Station Burj Khalifa/Dubai Mall

Wanneer wij rond het middaguur richting metrostation Emirates lopen, is het kwik alweer gestegen naar 43 graden! ‘Stoffig’ – zo luidt de weersverwachting – is het ook, de gebouwen om ons heen gaan schuil achter een dikke waas. De lucht is zo verzadigd, dat ademen een geheel nieuwe dimensie krijgt.

De metro is hét aangewezen vervoersmiddel voor reizigers met een klein budget: voor slechts 22 Dirham (ongeveer € 5,-) koop je een dagticket. Het duurt niet lang of het treinstel komt er al aan. De glazen deuren op het perron openen tegelijk met de deuren van de metro, zodat men niet pardoes op het spoor kan vallen. Daar is over nagedacht! Zal dat ook gelden voor de veiligheid van deze computergestuurde metrostellen, waar geen machinist aan te pas komt? Wij nemen de rode lijn die rechtstreeks naar de belangrijkste bezienswaardigheid van Dubai rijdt: de Burj Khalifa. Op het station Burj Khalifa/Dubai Mall stappen we uit en door de ellenlange gekoelde (zeg maar gerust: ijskoude) walkways lopen we naar het grootste winkelcentrum ter wereld, de Dubai Mall. Jawel, de mall is inderdaad enorm, en kitscherig, en duur… we houden het hier al gauw voor gezien. Wel staan we even stil bij The Waterfall, een kunstwerk dat zo hoog is, dat het vanaf alle verdiepingen van het winkelcentrum te bewonderen is. Ook hier is over nagedacht: het water klettert langs de van fiberglas gemaakte duikers zonder ook maar één afdwalend spettertje te veroorzaken.

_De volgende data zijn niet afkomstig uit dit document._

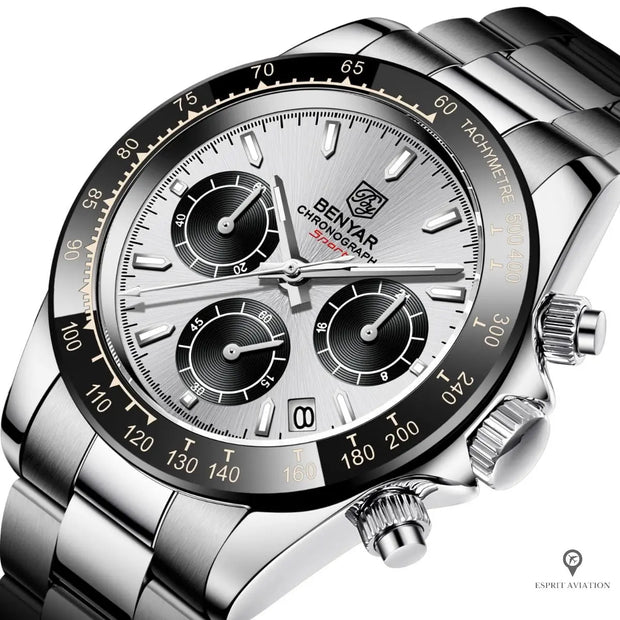 Montre Aviateur Hardlex Benyar Esprit-Aviation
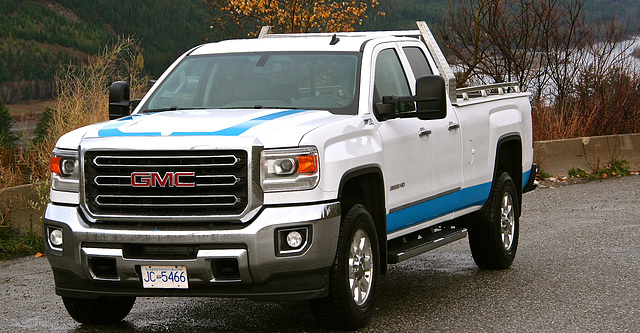 2015 GMC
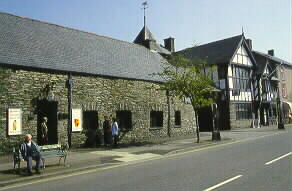 Visitor Centre or Museum in Machynlleth, Wales Visitor Centre or Museum in Powys, Wales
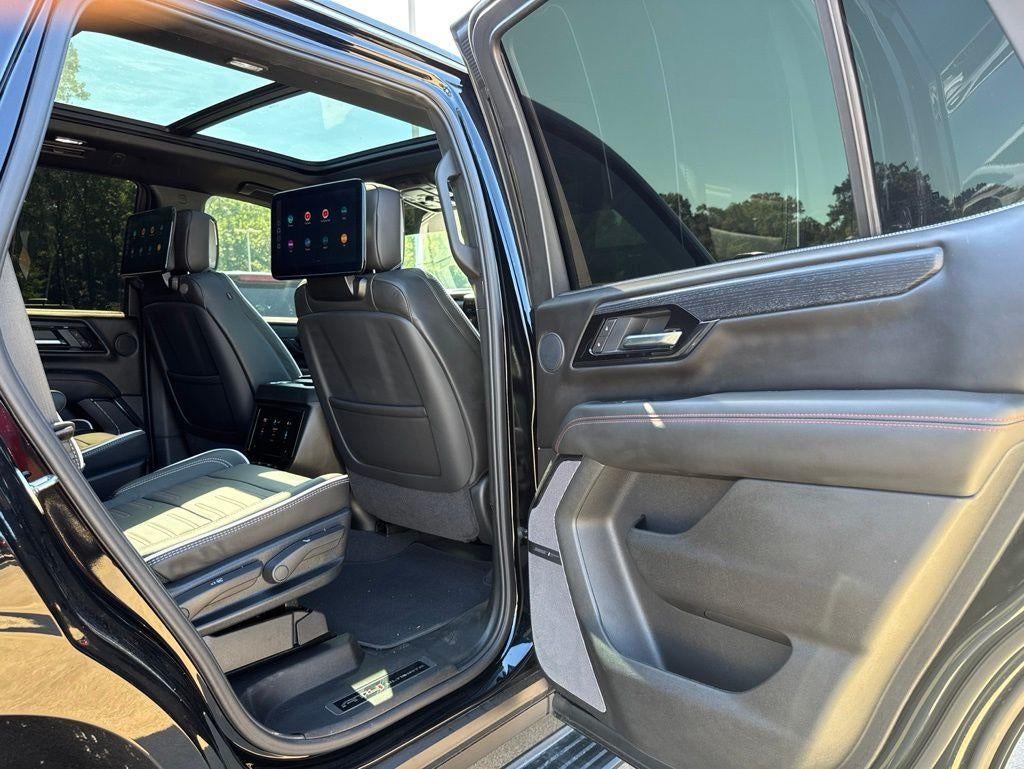 2025 GMC Yukon AT4 Ultimate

Daar staan we dan, voor de ingang van het in 2010 geopende hoogste gebouw ter wereld, de 828 meter hoge Burj Khalifa. Tijdens de bouw heette het nog de Burj Dubai. De toren werd echter op het allerlaatste moment (en we hebben het hier over enkele uurtjes!) herdoopt tot de Burj Khalifa, vernoemd naar de emir van Abu Dhabi, als dank voor de zakken geld die Dubai van hem ontving tijdens de financiële crisis. De Burj has it all: ’s werelds hoogste nachtclub, ’s wereld hoogste moskee, een van ’s werelds snelste liften, en is gelegen naast ’s werelds grootste fontein. Maar wij zullen de At the Top Experience niet mee gaan maken: een ticket naar het observatiedek op de 124e verdieping blijkt maar liefst 500 Dirham te kosten, oftewel € 125,- per persoon. We besluiten het bezoek af te blazen… Zo veel geld voor zo weinig zicht, in geen 500 jaar!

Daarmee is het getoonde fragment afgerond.